There was nothing to talk me into with that CD. I was in love from the first play. One song in particular, Paper Tiger, just bought me and kept a hold of me throughout my Moroccan experience. I would lay for hours when the electricity would go out (often), leaving me in the dark and restless, listen to that haunting melody. Especially as the war inched closer, I played it more often. It wasn't until later in my life that I first experienced the agony of panic attacks, but I think some of those evenings waiting for news of attacks, news of evacuation, I think there were moments in those evenings that Beck and his Paper Tiger nursed my fetal positioned, journal-clutching, self into believing it would all be alright. I don't think I ever panicked in Morocco. But I think my heart broke often, and some evenings that song just felt like a blanket. A road somewhere pretty and warless, a road that led somewhere expected, no surprises.

I listened to the song again, perhaps the first time I've heard it all the way through since leaving Youssoufia. It's odd, I know I've given the CD to others, or burned that song in particular onto many a mix for ex-boyfriends or friends going through breakups. But I think it was habit, and subconscious acknowledgment that it was a song that comforted me once. I listened to it again and became reacquainted with the notion that the senses are time capsules. I could feel the hardness of concrete beneath my feet, the cold of it when I'd roll onto the floor from my inch-thick mattress. I could smell the cumin wafting from the family that lived above me, feel the condensation on the inside of my walls that dampened everything I owned. I could feel the heavy bruise in my stomach, the hopeful knot of anxiety that rose with every day--will we go to war with Iraq before Thanksgiving? Before Christmas? Before Easter? Should I tell my students now? Who should I leave my kitchen goods to? Does it matter? Does any of this matter at all? I could feel it all, and hear the happy, resigned sighs of my Moroccan self.

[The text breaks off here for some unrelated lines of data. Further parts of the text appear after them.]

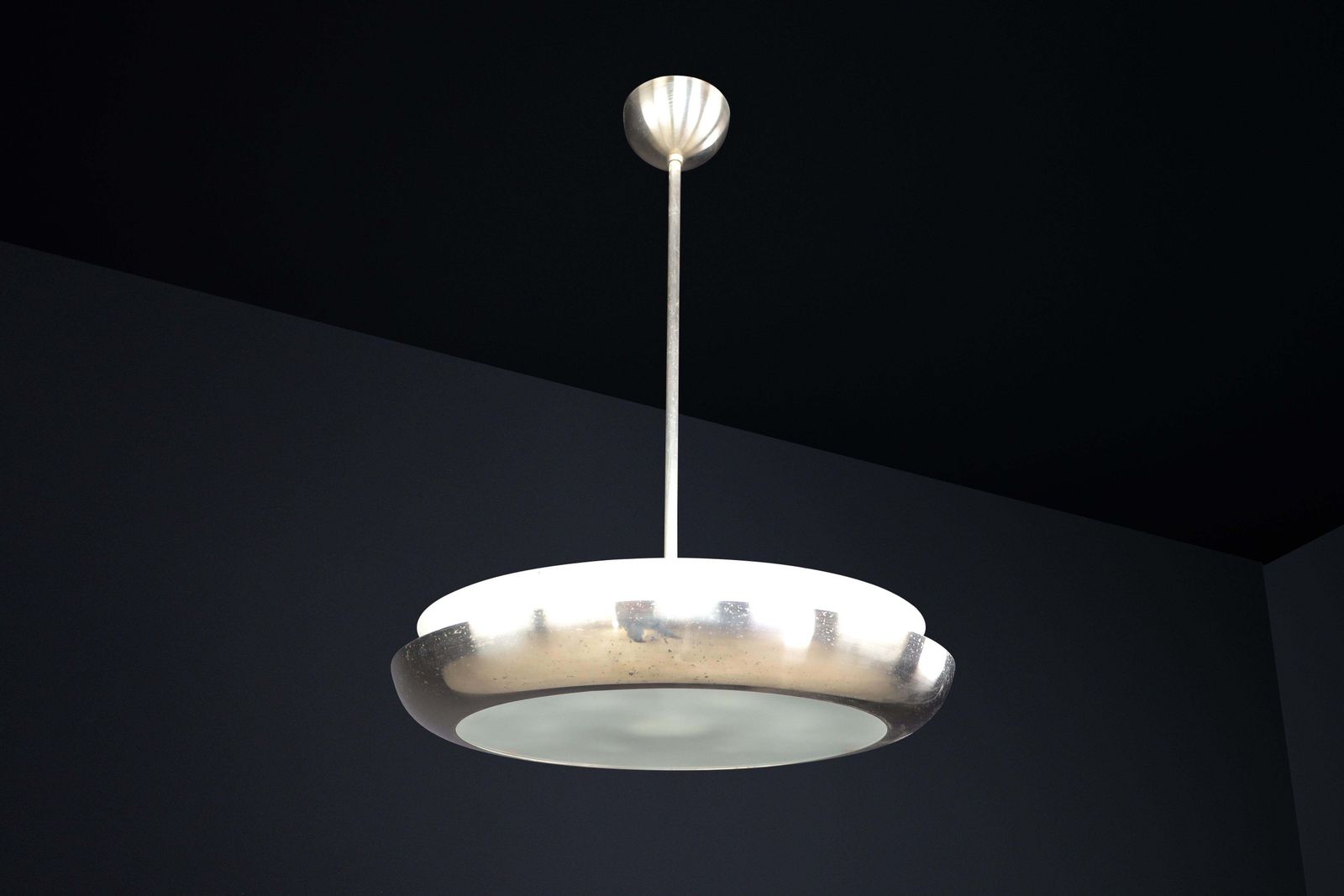Josef Hurka For Napako, Pendant, Patinated Chrome, Metal, Glass, Cz 1940s photo Lighting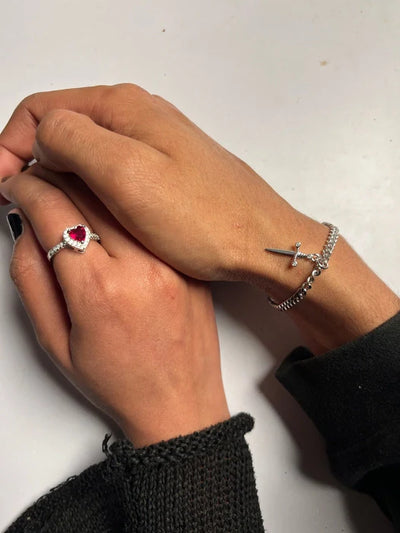 Heart & Sword Ring & Bracelet Set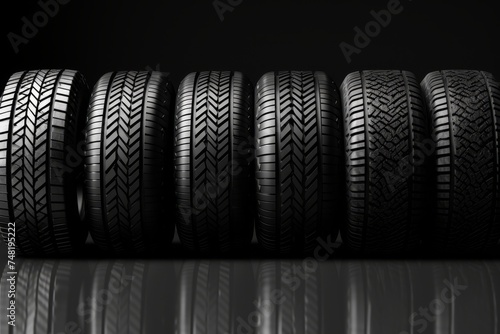 High quality car tires suitable for all weather conditions and different seasons on black background © Iuliia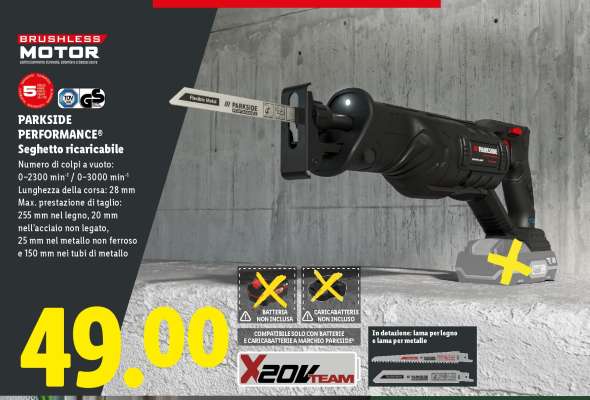 PARKSIDE PERFORMANCE® Seghetto ricaricabile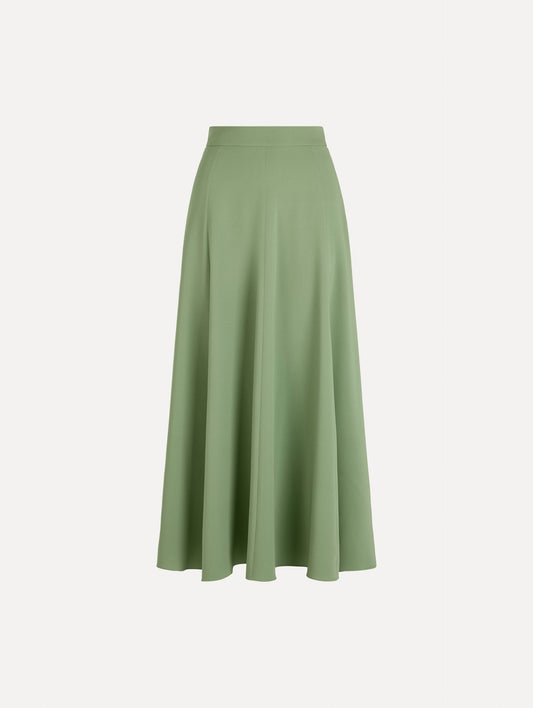 Silk Georgette Midi Skirt Pale olive / Oscar de la Renta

The girl who wanted to stay but knew she would not be so lucky.

In the past few months I've had Eddie Vedder's soundtrack to Into the Wild on steady repeat in my apartment. "A Big Hard Sun," especially, has been on the type of rotation that would probably drive anyone other than me insane. Much like my former Paper Tiger obsession, or Closing Time, or Hurricane, or Sunday Bloody Sunday, or La Marseillaise...

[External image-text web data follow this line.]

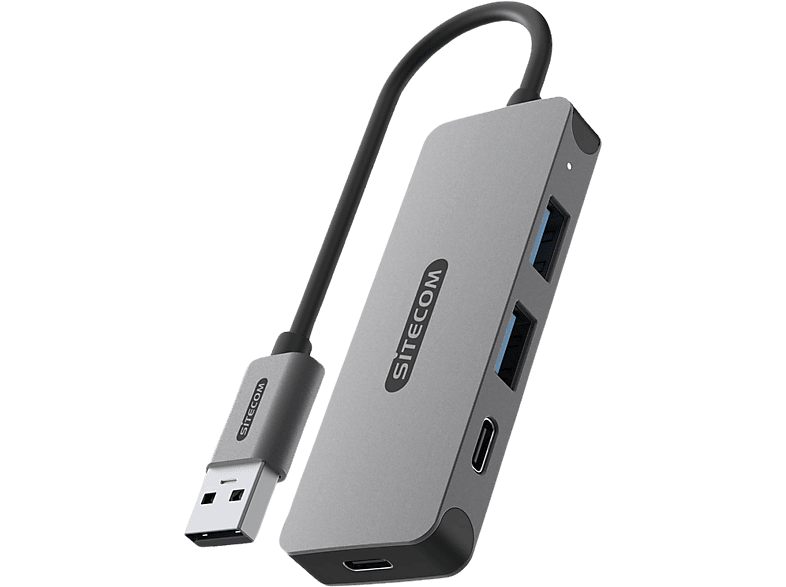 Sitecom Usb-a Hub Naar 2 X En Usb-c Zilver / Zwart (cn-5007)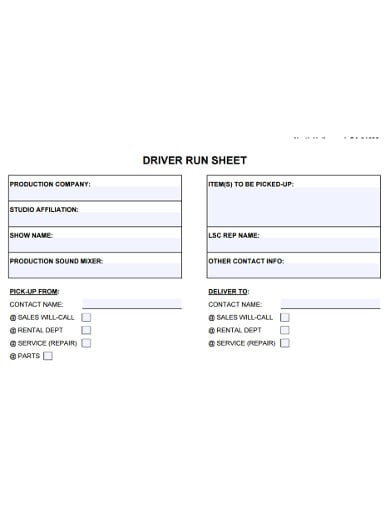 production run sheet example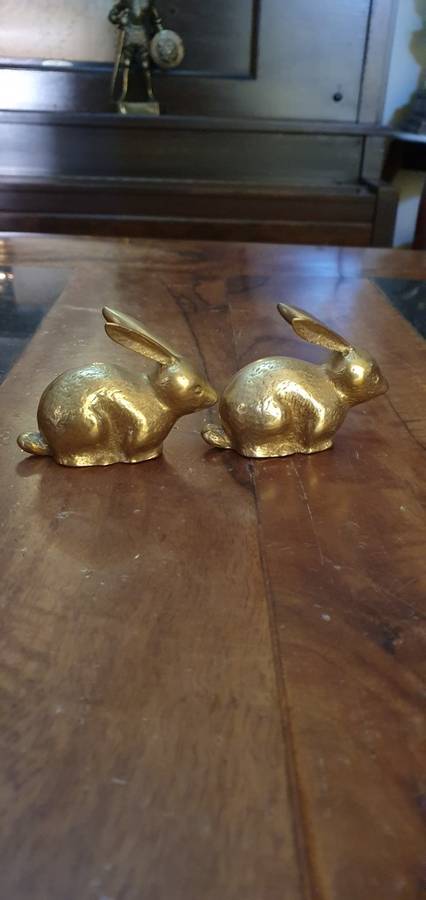 Two Vintage Brass Rabbits.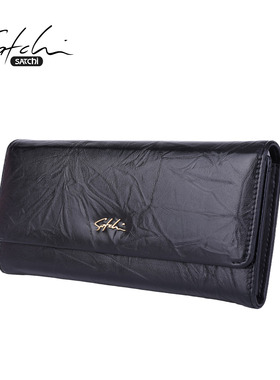 沙驰钱包女真皮2026新款时尚百搭简约牛皮长款钱夹多卡位零钱包潮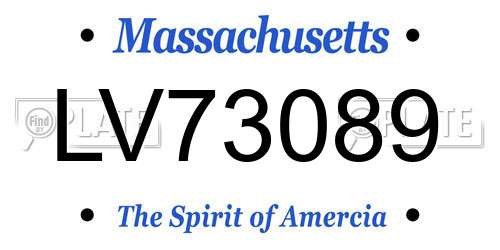 LV73089 Massachusetts License Plate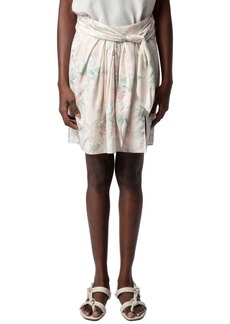 Zadig & Voltaire Joji Floral Jacquard Tie Waist Silk Skirt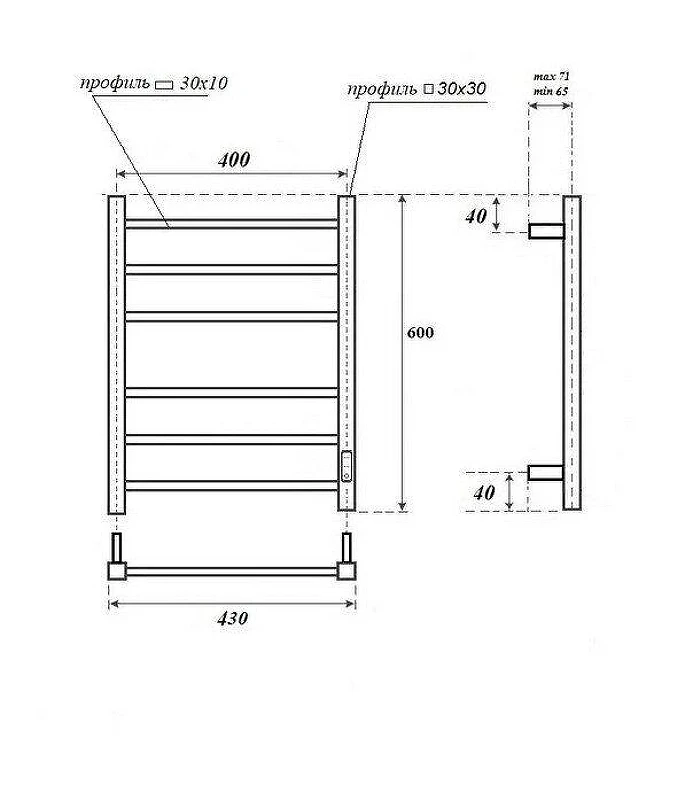 Электрический полотенцесушитель APEXTERMO Terra 600x400 TR00164GL цвет Золото матовое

I am waiting for no war. I am happy in most of the ways that matter, and anxious only in ways and for reasons that I think are fairly healthy. I enjoy the world I've tucked away for myself. And so I wonder, years from now, when I stumble on Mr. Vedder and his Big Hard Sun, when I play it again for the first time in a decade, what will I remember of these months. What will reawaken in my gut, what dreams will I remember, and what will I recall as the underlying thesis of these moments?

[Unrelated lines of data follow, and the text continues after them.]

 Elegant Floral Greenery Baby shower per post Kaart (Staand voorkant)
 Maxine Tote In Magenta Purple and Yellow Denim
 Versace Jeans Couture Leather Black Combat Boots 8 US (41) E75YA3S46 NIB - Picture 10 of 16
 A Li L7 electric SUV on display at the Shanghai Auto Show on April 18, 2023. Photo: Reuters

In a couple months it will have been seven years since my unexpected and unappreciated evacuation from Morocco. Seven years and yet there are moments, songs, smells, that remain visceral in a way I cannot adequately describe. I wonder what moments will be the moments I cannot adequately describe 10 years from now. And if those moments are hard to pick out, perhaps it's time to start making them, make sure my Big Hard Sun era is easily, excitedly, happily recalled.